Exercise goal: All lines from the one containing "Сумка поясная для" through the last line of the listing should be given again exactly, with no pictures.

The data:
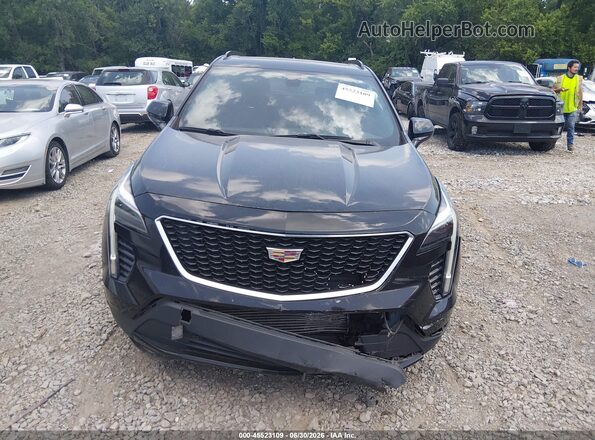 1GYFZER44KF202093 2019 CADILLAC XT4 Black ხელსაწყოთა პანელის ხედი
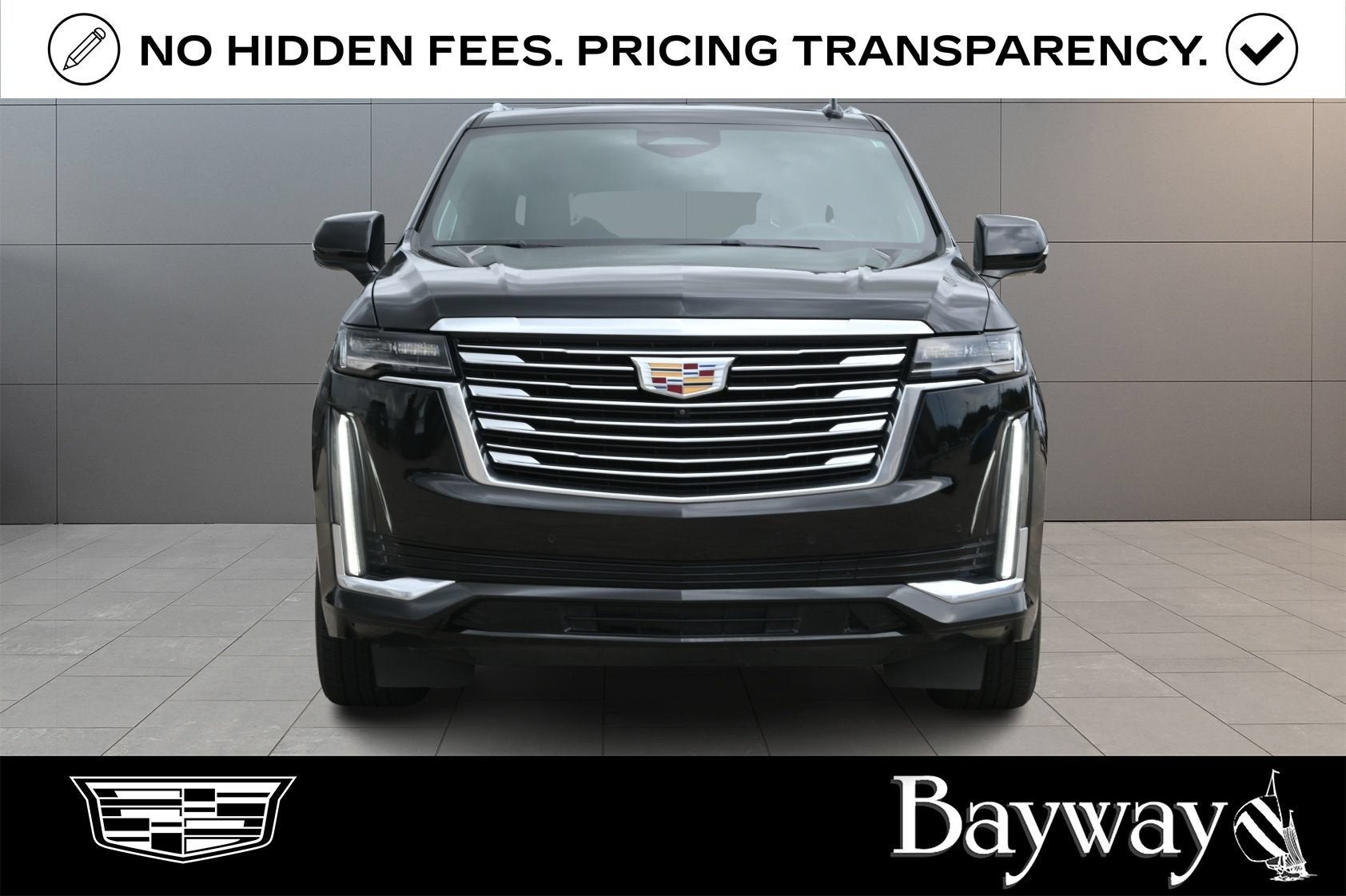 2023 Cadillac Escalade 4WD Premium Luxury Platinum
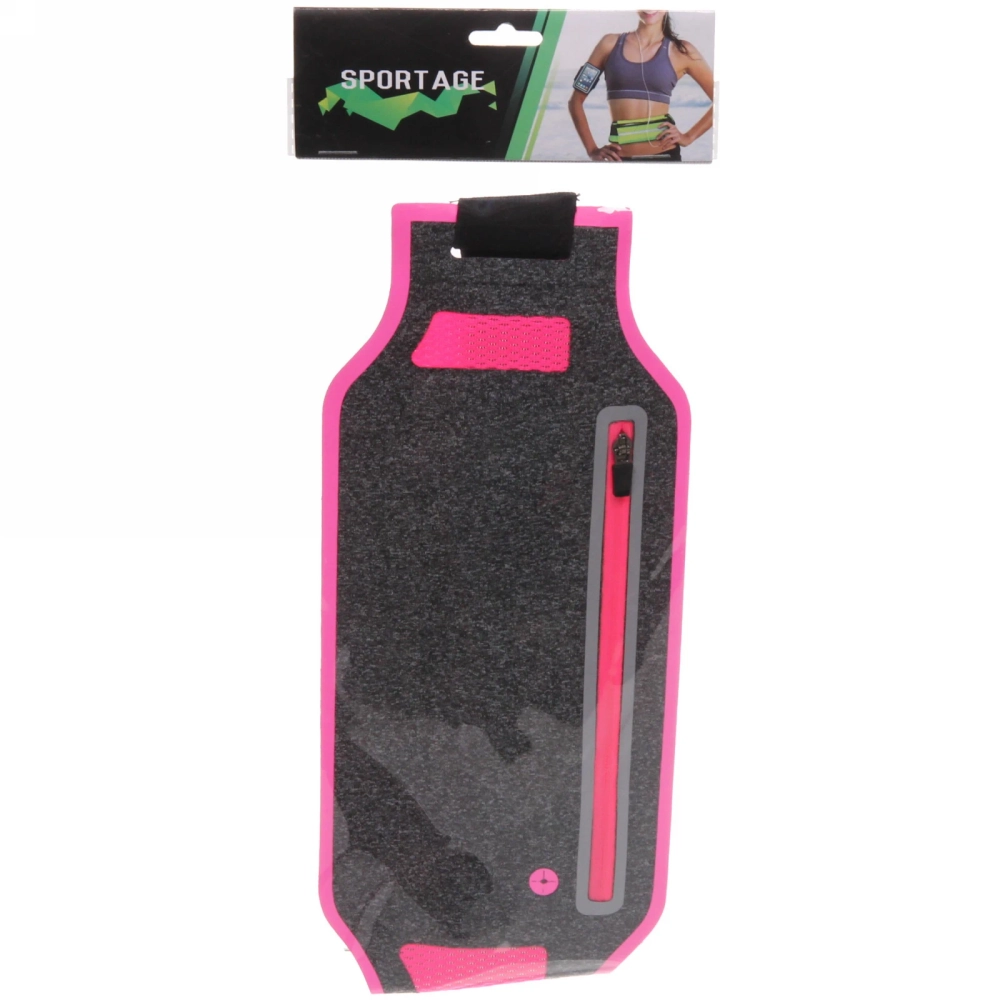 Сумка поясная для спорта и отдыха «Energy», микс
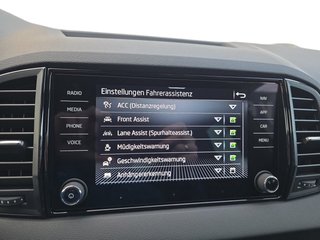 Skoda Karoq Sportline 1,5TSI DSG aAHK/ACC/Matrix/Kessy/el.Klappe   ** - bilder 44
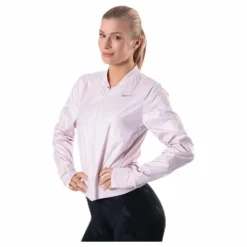 Swoosh Run Jacket Pink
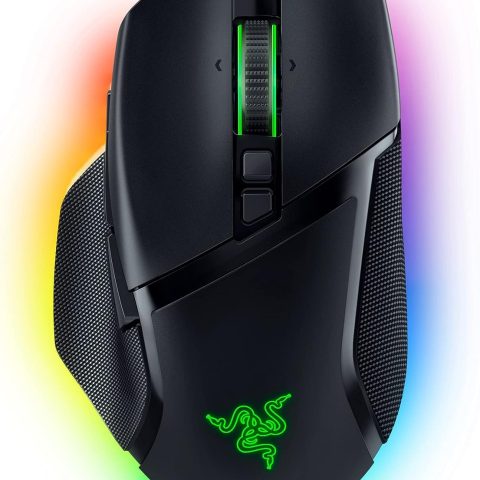 Razer Basilisk V3 Pro Customizable Wireless Gaming Mouse - Zapcart Technology Qatar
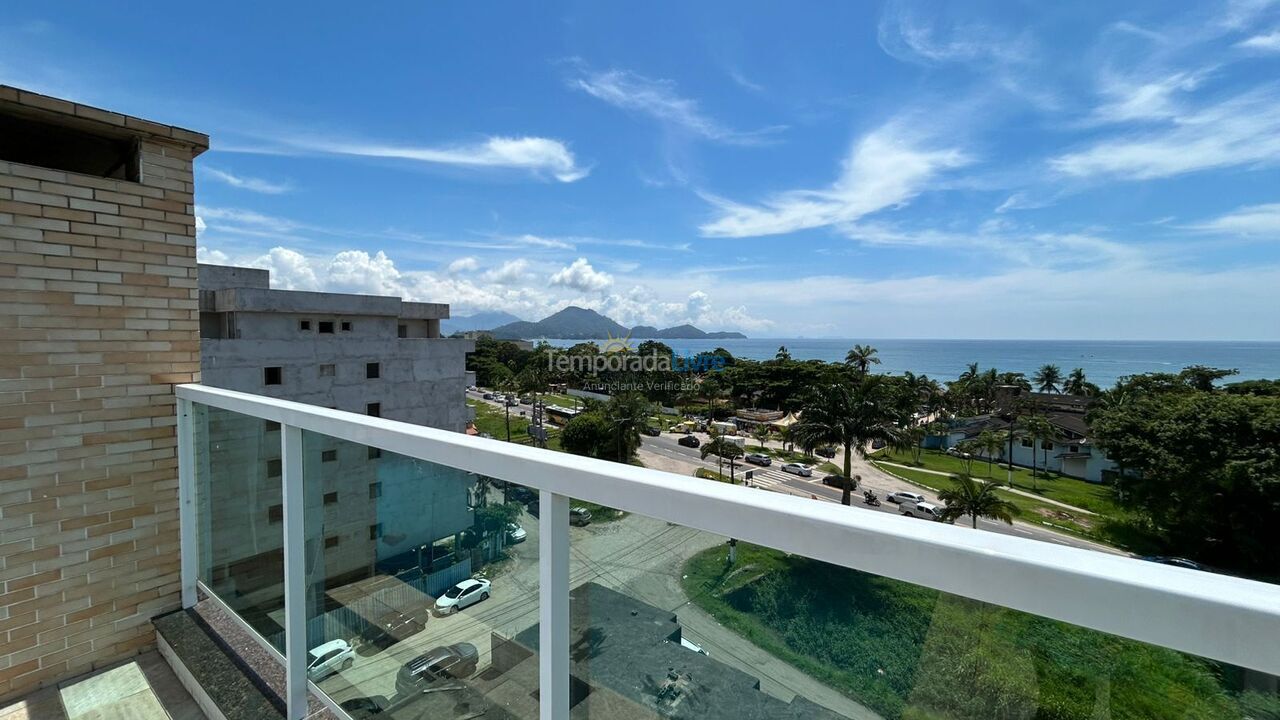 Apartamento para aluguel de temporada em Ubatuba (Toninhas)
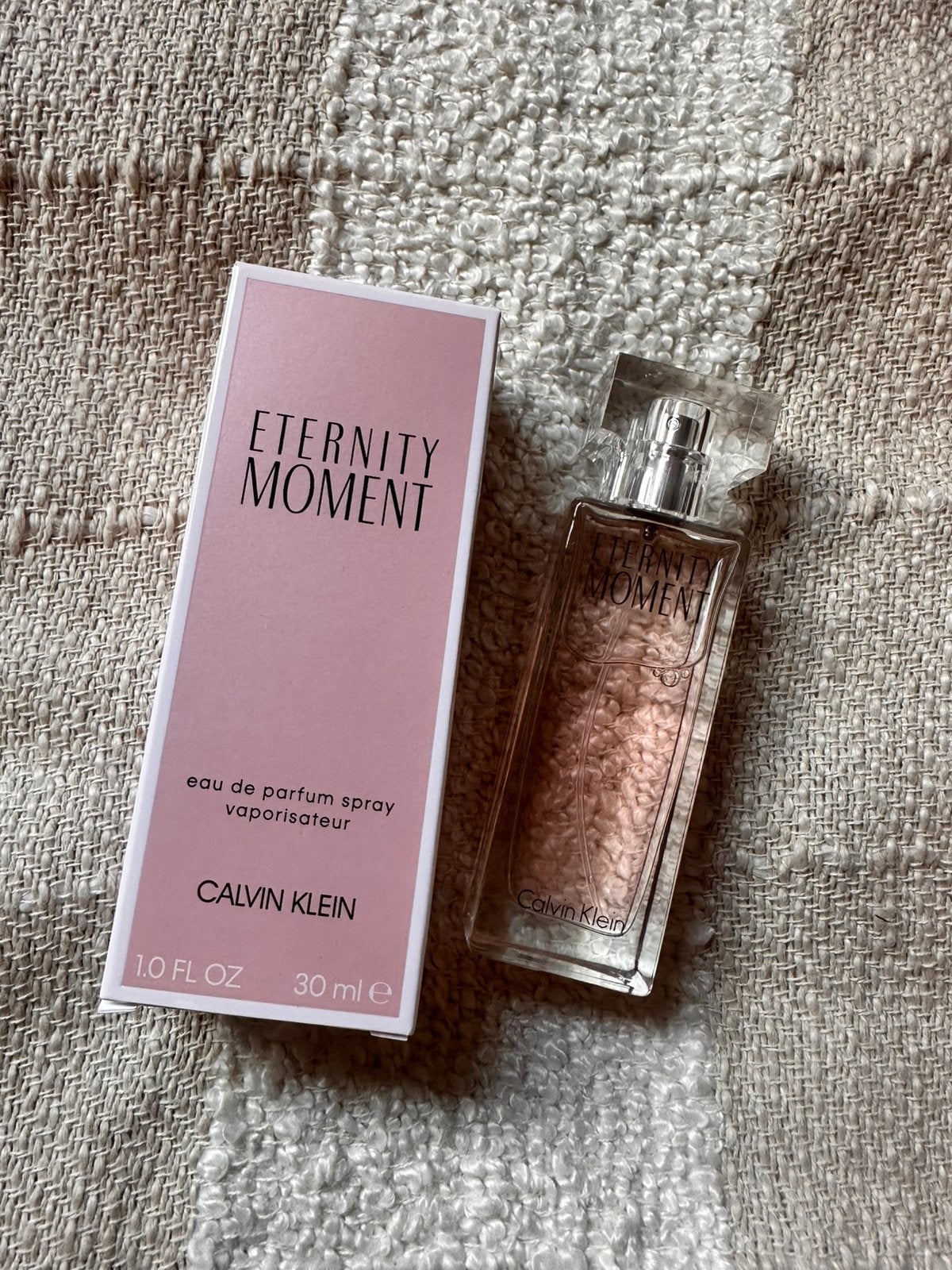 Eau de parfum Eternity Moment Calvin Klein, Ophalen, Nieuw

Solution:
 Сумка поясная для спорта и отдыха «Energy», микс
 Skoda Karoq Sportline 1,5TSI DSG aAHK/ACC/Matrix/Kessy/el.Klappe   ** - bilder 44
 Swoosh Run Jacket Pink
 Razer Basilisk V3 Pro Customizable Wireless Gaming Mouse - Zapcart Technology Qatar
 Apartamento para aluguel de temporada em Ubatuba (Toninhas)
 Eau de parfum Eternity Moment Calvin Klein, Ophalen, Nieuw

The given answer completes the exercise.